■ **THE TASK**:
Take nothing but the lines from the one with "JERZEES SUPER SWEATS" through the one with "Casa De Cimadevila Santiso Zewnętrze zdjęcie" in the entries below, both ends kept, and return them exactly with pictures left out.

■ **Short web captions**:
*****
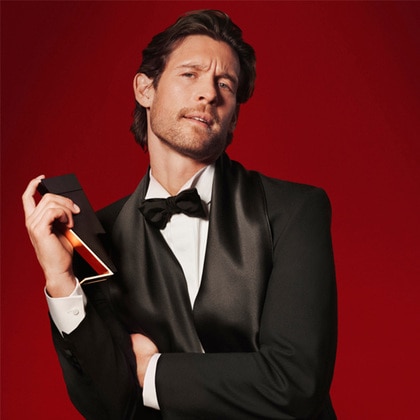 50ML Carolina Herrera Bad Boy Eau de Toilette Gift Set  2 of 4 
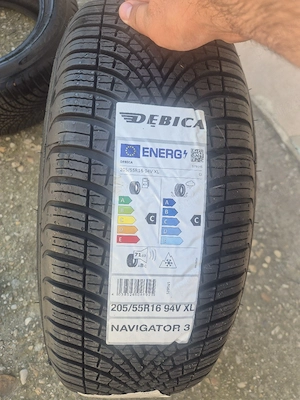 Anvelope Iarna 205/55/R16 Debica Navigator - imagine 2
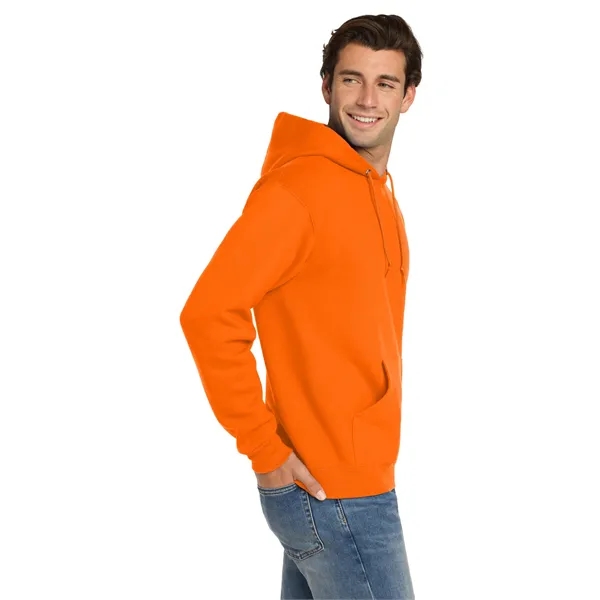 JERZEES SUPER SWEATS NuBlend - Pullover Hooded Sweatshirt.... from ASI 84863 SanMar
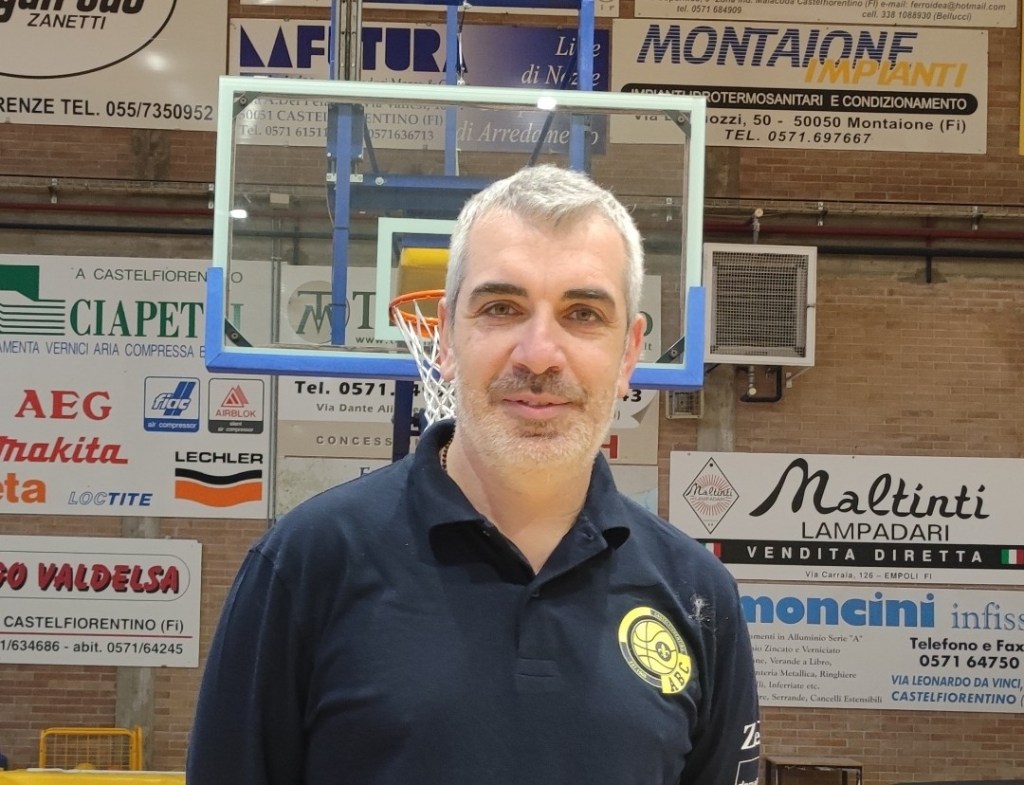 Eraldo Mazzuca entra nello staff tecnico gialloblu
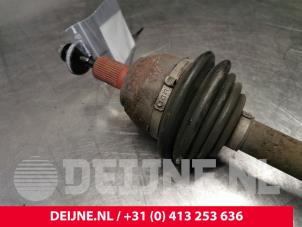 Volvo S40 Aandrijfas links-voor O168831 foto 3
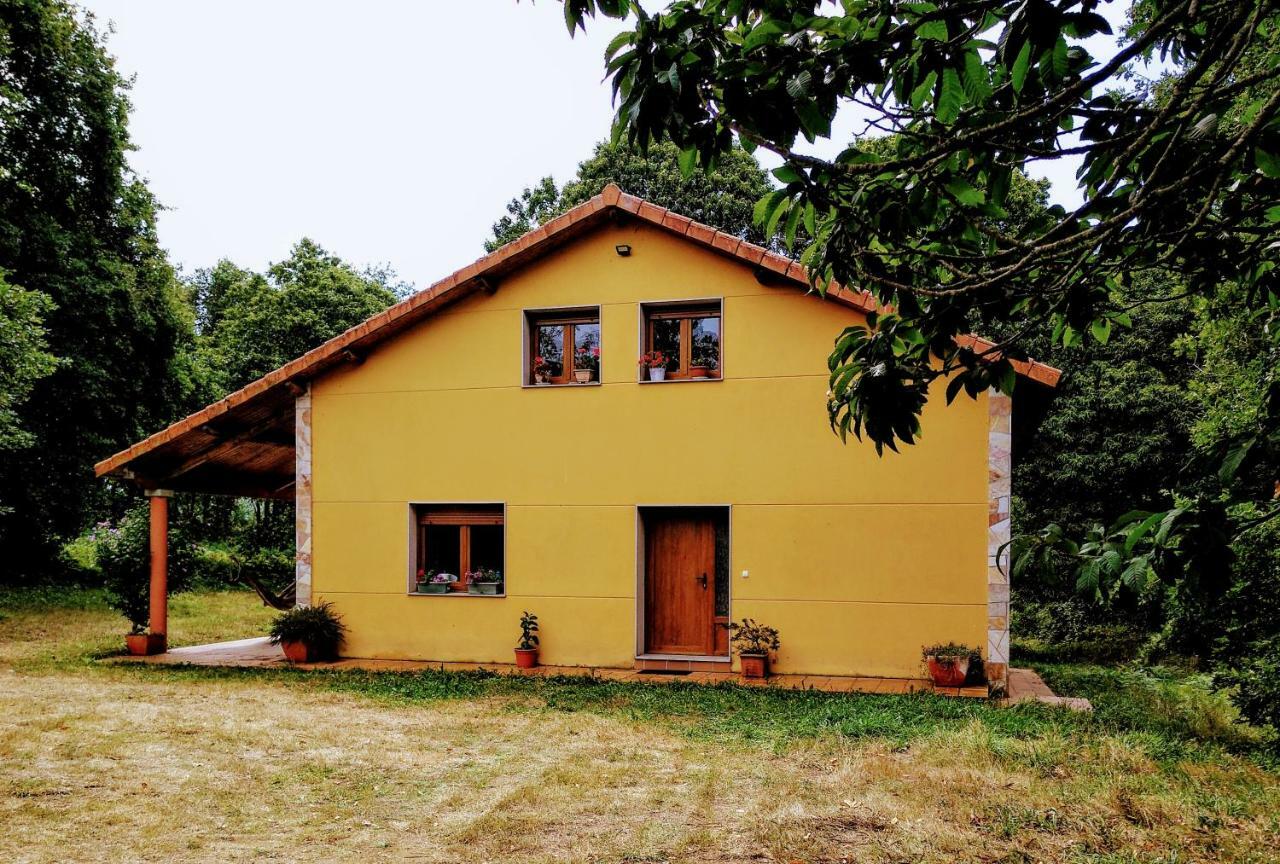 Casa De Cimadevila Santiso Zewnętrze zdjęcie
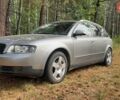 Серый Ауди А4, объемом двигателя 2 л и пробегом 246 тыс. км за 4500 $, фото 13 на Automoto.ua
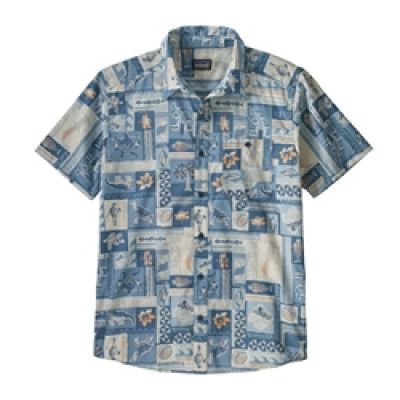 Patagonia M's Go To Shirt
*****
■ **REPLY TO THE TASK**:
 JERZEES SUPER SWEATS NuBlend - Pullover Hooded Sweatshirt.... from ASI 84863 SanMar
 Eraldo Mazzuca entra nello staff tecnico gialloblu
 Volvo S40 Aandrijfas links-voor O168831 foto 3
 Casa De Cimadevila Santiso Zewnętrze zdjęcie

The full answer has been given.